Minister sportu powiedział że Baszanowski wyróżniał się otwartością serca, chęcią pomocy innym, a zwłaszcza wielką pracowitością. ‘Zapamiętałem jak mówił że człowieka ocenia się nie za słowa które wypowiada, a za czyny’.

Z kolei prezes PKOl Andrzej Kraśnicki i prezes Polskiego Związku Podnoszenia Ciężarów Zygmunt Wasiela mówili o wielkiej skromności legendarnego sztangisty, dżentelmeńskiej postawie na wszystkich szczeblach kariery, a także jego zaangażowaniu w walce z dopingiem w sporcie.

Baszanowski zapisał też wspaniałą kartę jako działacz, ceniony w kraju i na arenie międzynarodowej. Stąd też w uroczystościach pogrzebowych udział wzięli dyrektor ds. zagranicznych Międzynarodowej Federacji Podnoszenia Ciężarów (IWF) Węgierka Aniko Nemeth-Mora oraz sekretarz generalny europejskiej federacji (EWF) Włoch Marino Ercolani Casadei.

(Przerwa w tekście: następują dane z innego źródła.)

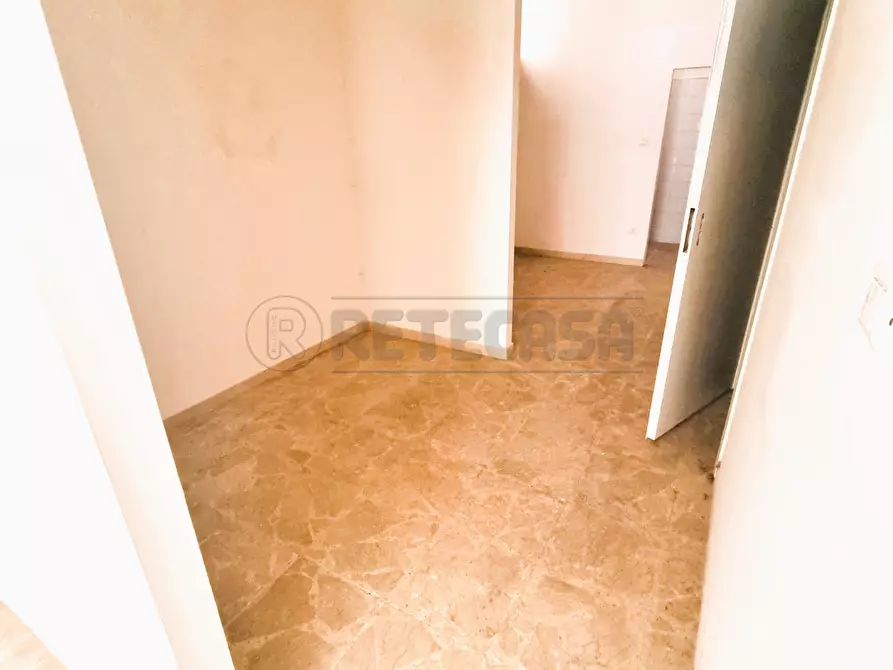 Immagine 9 di Locale commerciale in vendita  a Pescara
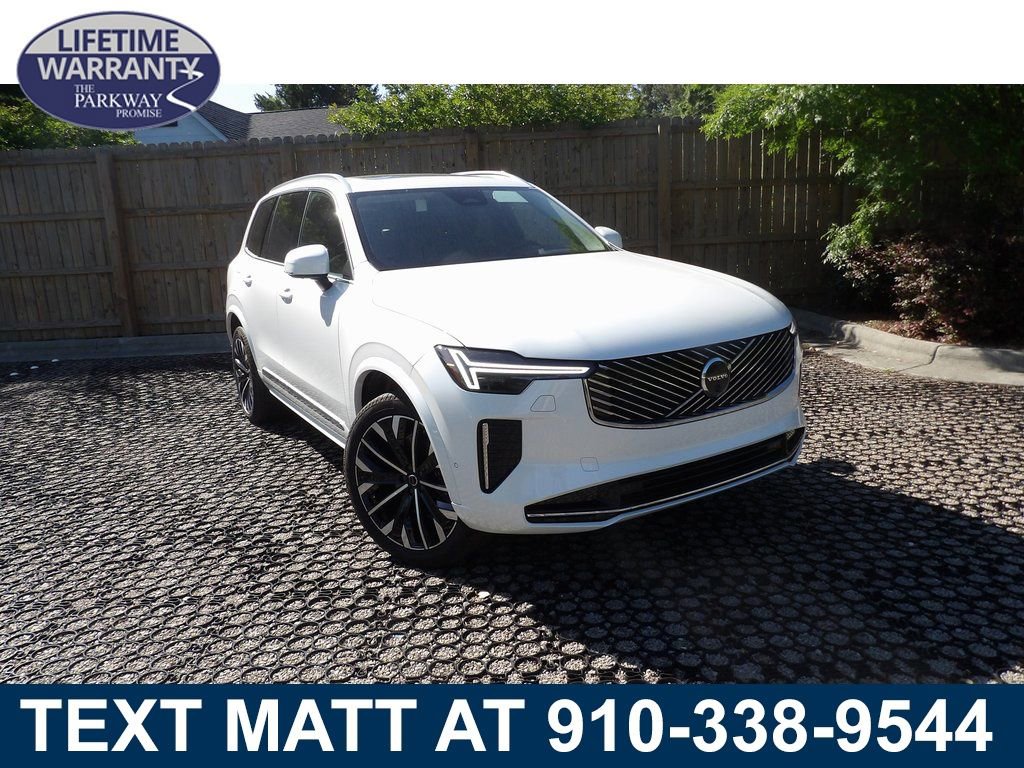 New 2025 Volvo XC90 B6 Plus w/ Protection Package Premier image 1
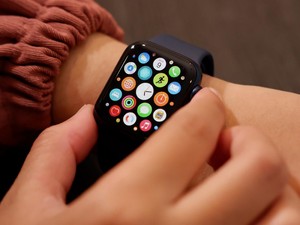 Apple Watch Bantu Pantau Kelahiran Bayi di Pesawat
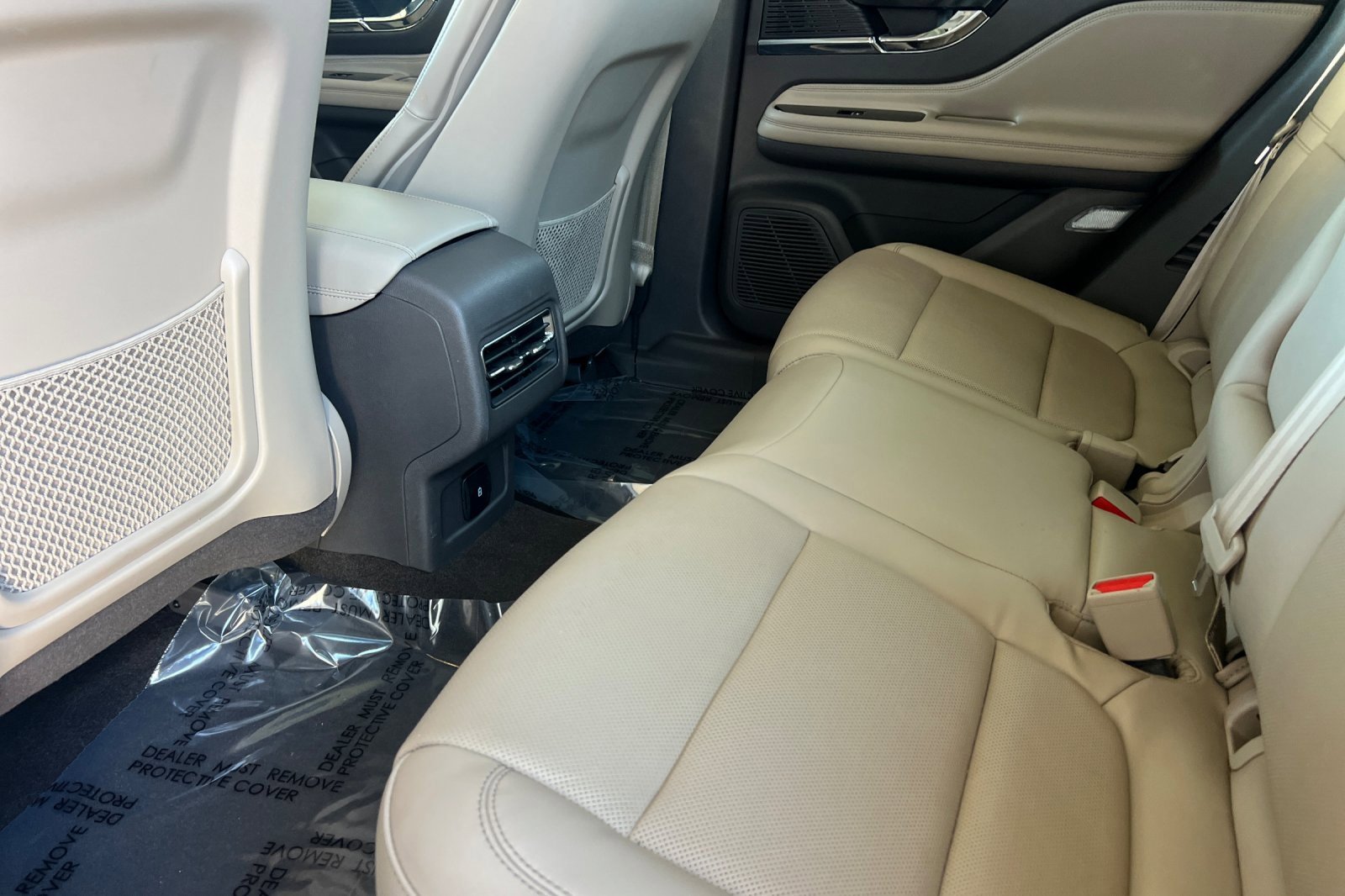 Certified 2022 Lincoln Corsair Grand Touring image 12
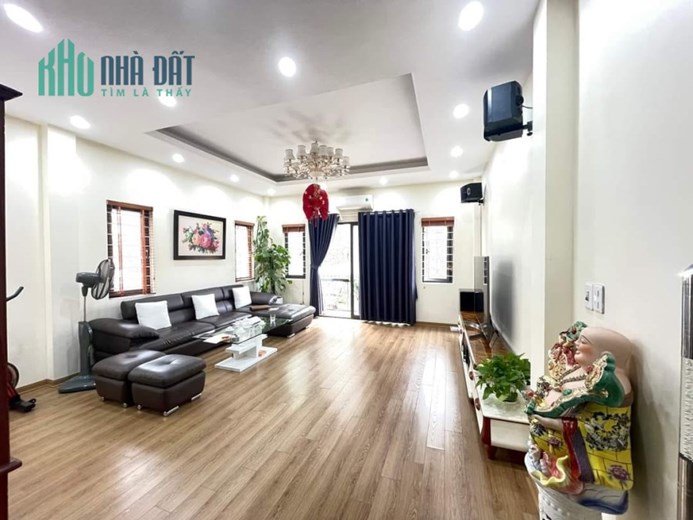 Bán nhà phố Nguyễn Văn Cừ, Lô góc, Ô tô, 65 m2, 5T, chỉ nhĩnh 9 tỷ.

‘W życiu można być albo wybitnym zawodnikiem albo trenerem czy działaczem. Baszanowski był każdym z nich. Mało tego, w każdej ze swych ról okazał się perfekcyjnym nieskazitelnym symbolem uczciwości’ – powiedziała Nemeth-Mora.

W imieniu kibiców zdobywcę złotych medali olimpijskich w Tokio (1964) i Meksyku (1968), który 24 razy poprawiał rekordy świata, pożegnał europoseł Janusz Wojciechowski.

‘Zawodnik ćwiczy latami a potem wychodzi na pomost i ma dwie sekundy – podniesie ciężar albo nie. Wielu z nich na treningach szaleje, dźwiga ile im na gryf założą, a na zawodach, gdy wyjdą na pomost, zobaczą publiczność i kamery, nogi robią się z waty i nie dźwigną nic. Baszanowski dźwigał bo miał wszystko – wielką siłę, znakomitą technikę i absolutny spokój mistrza. Dziś jest to już niestety – spokój wieczny… Panie Waldemarze! Dziękujemy za podnoszące nas na duchu zwycięstwa, za siłę, za twoją godność sportowca i Polaka, za twoją mądrość i twoją kulturę’ – powiedział Wojciechowski.

Waldemar Baszanowski urodził się 15 sierpnia 1935 r. w Grudziądzu. Związany z AZS AWF Warszawa jako zawodnik, student, a potem pracownik naukowy. Startował w czterech igrzyskach (1960-1972), na trzech był chorążym reprezentacji podczas ceremonii otwarcia – w Tokio, Meksyku i Monachium.

W latach 70 i 80 pracował jako trener reprezentacji Indonezji. Po powrocie do kraju w 1988 r. został szefem wyszkolenia PZPC. W latach 1999-2008 kierował Europejską Federacją Podnoszenia Ciężarów.

int.pl/pap /9.5.2011/

***

Oświadczenie Tamasa Ajana

– Będzie nam brakować sportowca i działacza wielkiego formatu, jakim był Waldemar Baszanowski – napisał w oświadczeniu prezes Międzynarodowej Federacji Podnoszenia Ciężarów (IWF) Węgier Tamas Ajan

Waldemar Baszanowski był jedną z najwspanialszych osobowości w historii dyscypliny i fantastycznym zawodnikiem. Zdobycie dwóch złotych medali olimpijskich, wielu medali mistrzostw świata i Europy mówi najlepiej o jego talencie i wspaniałym charakterze. Jestem dumny że przyszło mi przez wiele lat przyjaźnić się i pracować z nim – napisał Ajan, honorowy członek Międzynarodowego Komitetu Olimpijskiego.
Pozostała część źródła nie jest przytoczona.